» **Task requirements**
Copy only the lines between the one containing "เห็ดชิเมจิ ชุดละ" and the end of the records, both included, leaving out pictures.

Crawled caption data:
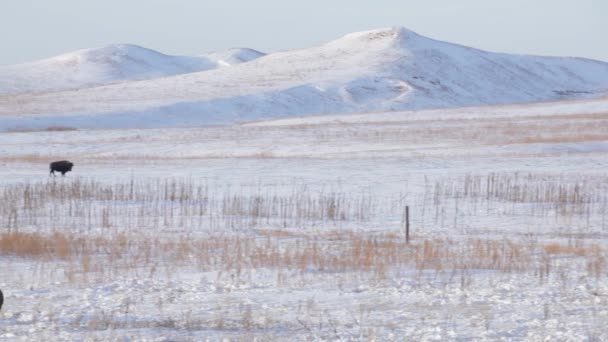 Βόσκηση Herd Στο Χιόνι Θηλαστικά Χειμερινή Χορτονομή Snowfield Hardy Natures — Αρχείο Βίντεο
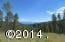 Meadow and Lake view
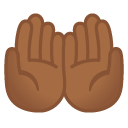 🤲🏾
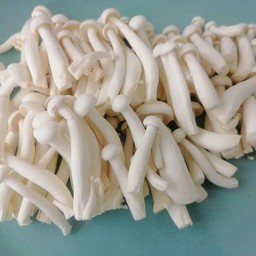 เห็ดชิเมจิ ชุดละ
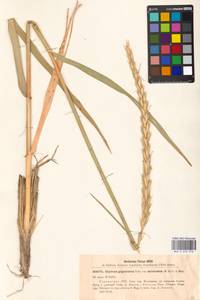 Leymus racemosus (Lam.) Tzvelev, Eastern Europe, South Ukrainian region (E12) (Ukraine)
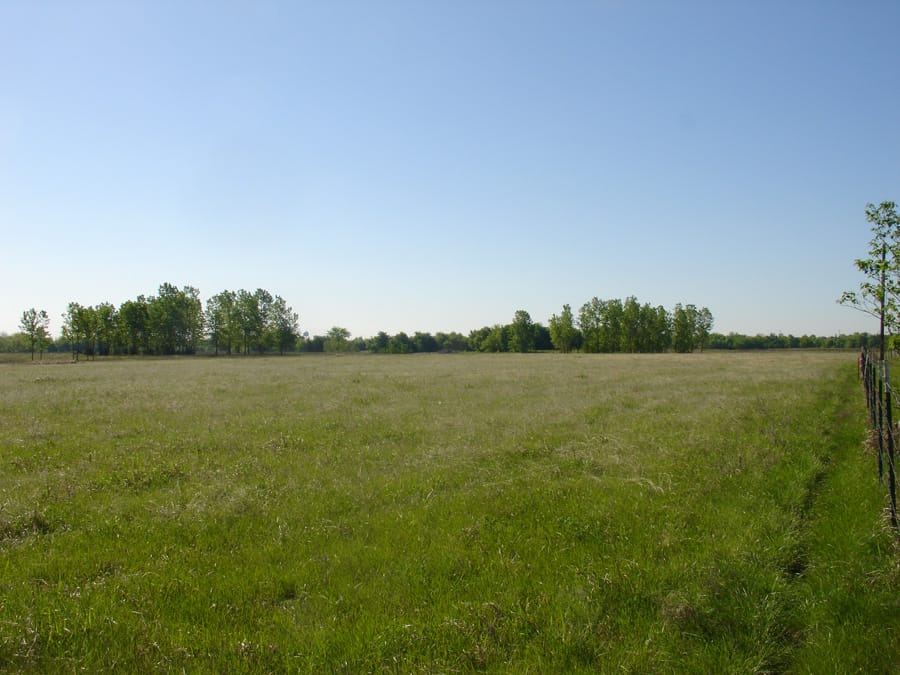 Red River Ranch Tract 8 photo 2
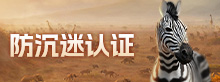防沉迷认证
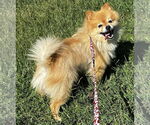 Small #4 Pomeranian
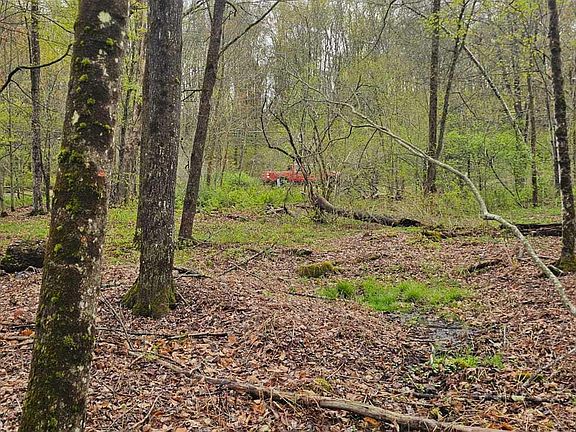 3rd image of 210 Como Rd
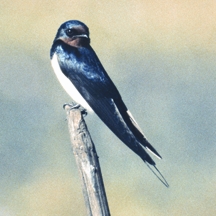 চিত্র:SwallowBarn.jpg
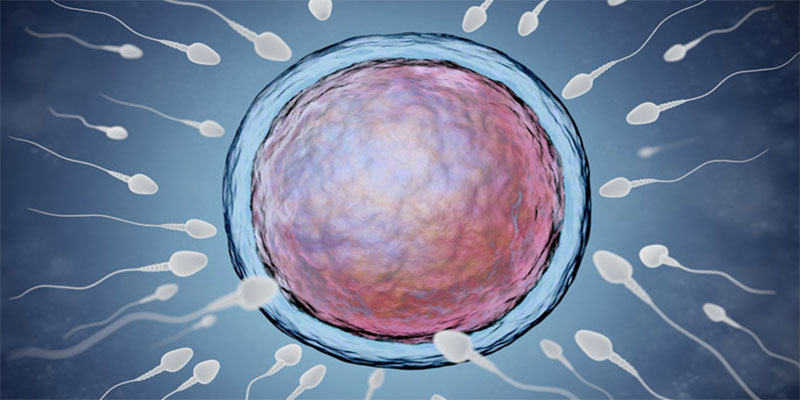 میزان غلظت اسپرم چقدر باید باشد؟ + راه های افزایش آن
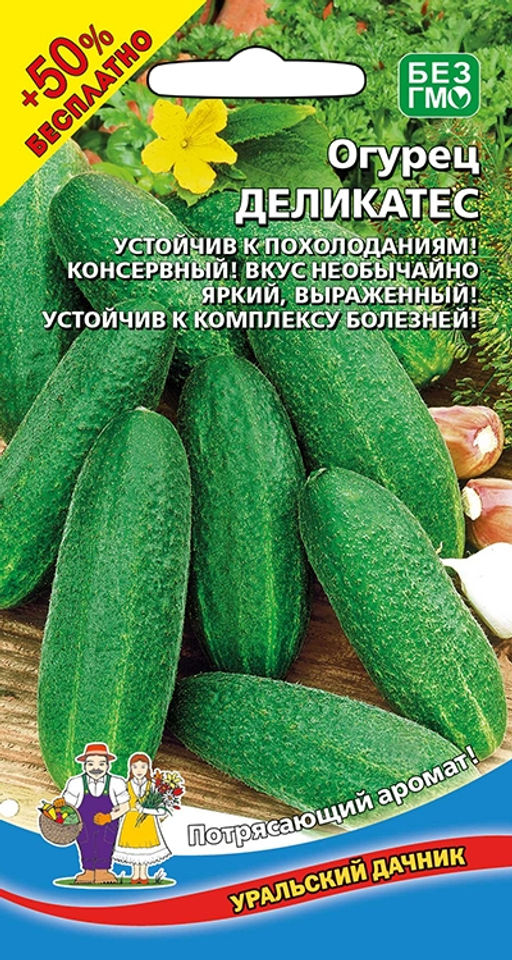 Огурец ДЕЛИКАТЕС Устойчив к похолоданиям! Консервный! Вкус необычайно яркий, выраженный! Устойчив к болезням!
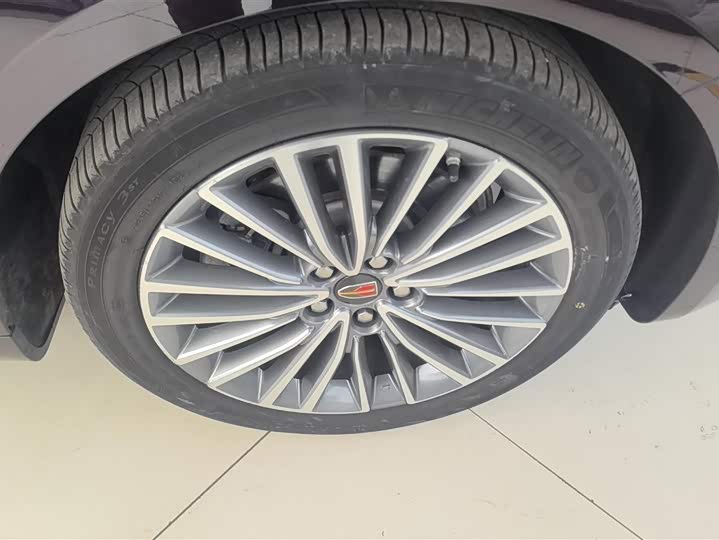 Фото 6 - Hongqi H9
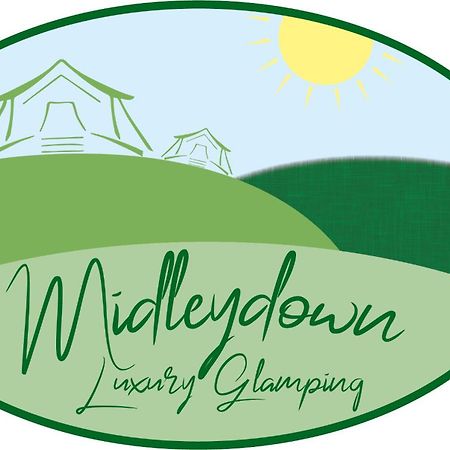 Midleydown Luxury Glamping Otel Exeter Dış mekan fotoğraf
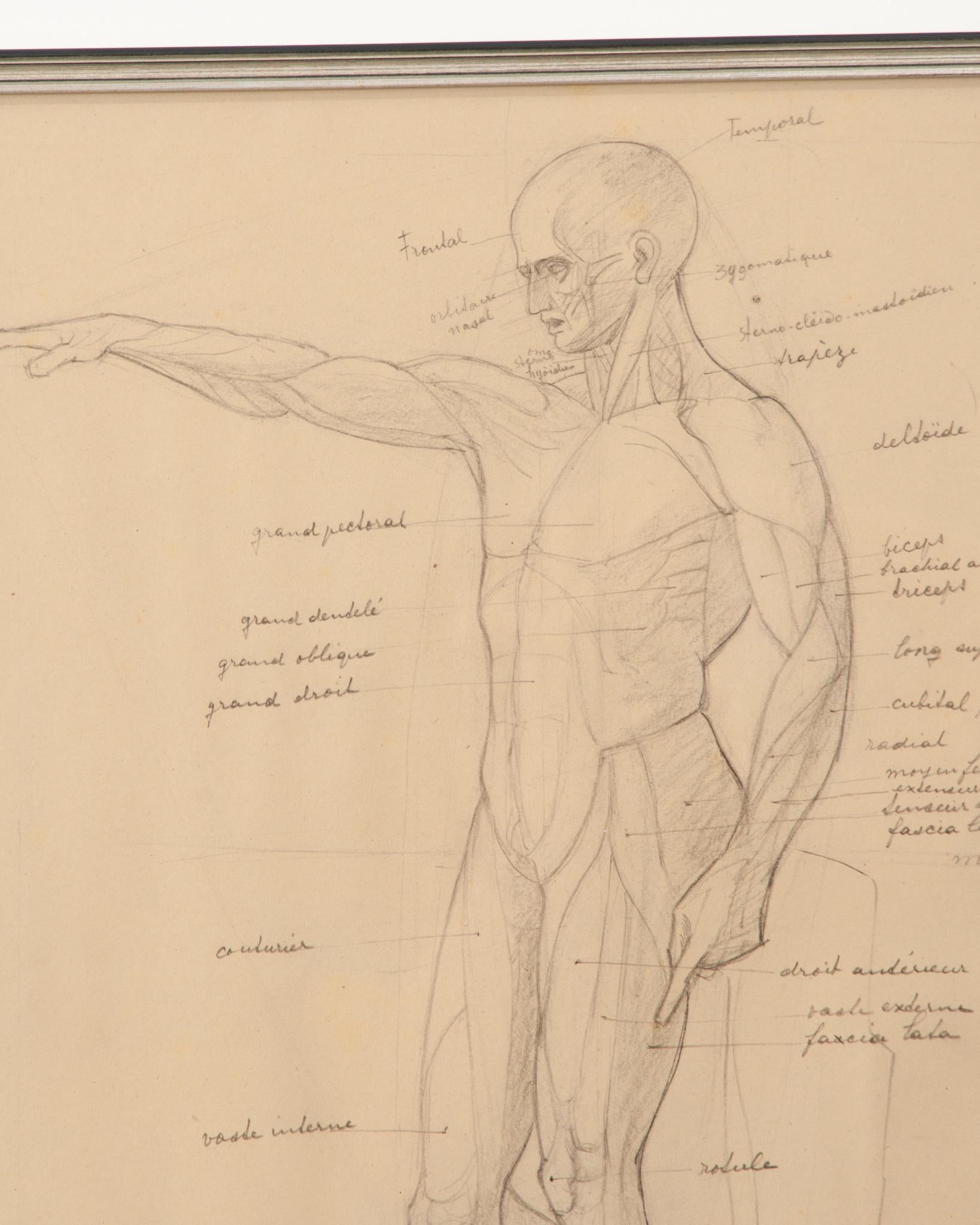 Français Sketch anatomique français vintage encadré en vente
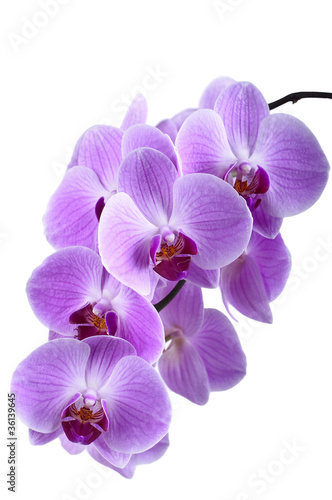 Beautiful purple orchid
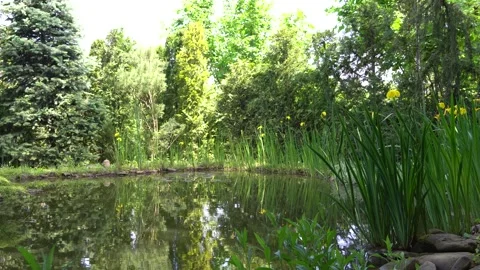 Reflection of yellow flowers Iris pseudacorus (yellow flag) in clear water. Stock Footage 286834569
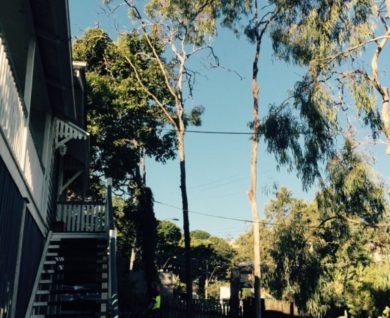 Tree Work Bardon, Brisbane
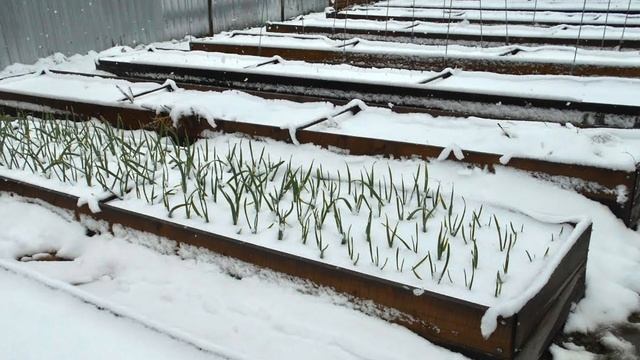 Озимый ЧЕСНОК взошел ДО МОРОЗОВ. Что делать если ЧЕСНОК взошел ОСЕНЬЮ. Как ПРЕДОТВРАТИТЬ прорастани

» **Response to the task**
 เห็ดชิเมจิ ชุดละ
 Leymus racemosus (Lam.) Tzvelev, Eastern Europe, South Ukrainian region (E12) (Ukraine)
 Red River Ranch Tract 8 photo 2
防沉迷认证
 Small #4 Pomeranian
 3rd image of 210 Como Rd
 চিত্র:SwallowBarn.jpg
 میزان غلظت اسپرم چقدر باید باشد؟ + راه های افزایش آن
 Огурец ДЕЛИКАТЕС Устойчив к похолоданиям! Консервный! Вкус необычайно яркий, выраженный! Устойчив к болезням!
 Фото 6 - Hongqi H9
 Midleydown Luxury Glamping Otel Exeter Dış mekan fotoğraf
 Français Sketch anatomique français vintage encadré en vente
 Beautiful purple orchid
 Reflection of yellow flowers Iris pseudacorus (yellow flag) in clear water. Stock Footage 286834569
 Tree Work Bardon, Brisbane
 Озимый ЧЕСНОК взошел ДО МОРОЗОВ. Что делать если ЧЕСНОК взошел ОСЕНЬЮ. Как ПРЕДОТВРАТИТЬ прорастани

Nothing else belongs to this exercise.